9 November 2015
Few states reform gun laws after mass shootings in US

By Jim Ding

Mass shootings pushed Colorado, Connecticut and New York to pass stricter gun laws, Los Angeles Times reporter Kurtis Lee said at Hong Kong Baptist University in a lecture on gun control debate in the United States.

Lee won a Pulitzer Prize for his Denver Post coverage of the movie theater shooting in Aurora, Colorado in 2012 that killed 12 and injured 70. He also covered gun debate in Colorado’s state capitol.

Though a few states voted to increase gun restrictions after a series of mass shootings in the US,  most laws loosened them. Of the 109 gun laws passed in the US in 2013, only 39 tightened restrictions, according to a New York Times graphic.

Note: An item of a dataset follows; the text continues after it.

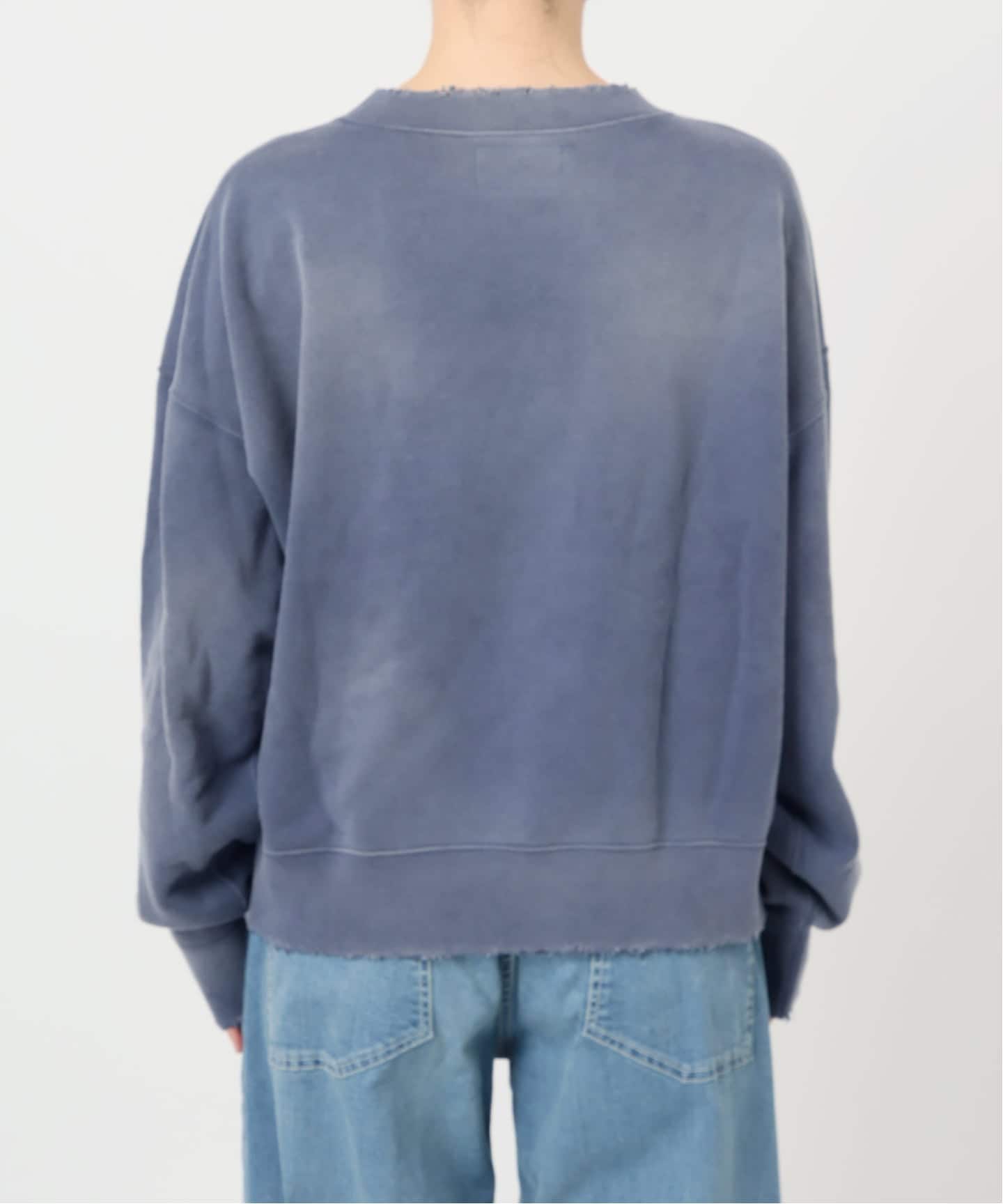 GOOD GRIEF!/グッド グリーフ】 PACIFIC A. SWEAT SHIRT（スウェット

Gun control debate is mostly split across Republicans and Democrats, Lee said. Two proponents of Colorado’s stricter gun laws, both Democrats, lost state Senate seats last year.

Those seats were won back in Colorado elections this week.

Interest groups, such as the National Rifle Association, play a large role in gun control, Lee said.

The NRA, one of the most powerful opponents of gun control, grades lawmakers from A to F to reflect their voting record on gun control laws. Members of congress with an “A” grade often get NRA campaign contributions.

For example, one Colorado congressman with an NRA grade “F,” received no campaign contributions from the organization while one with an “A” grade received more than US$ 9,000, according to an interactive graphic by the New York Times.

Americans privately own more than 300 million firearms, roughly one for every citizen, according to Gunpolicy.org.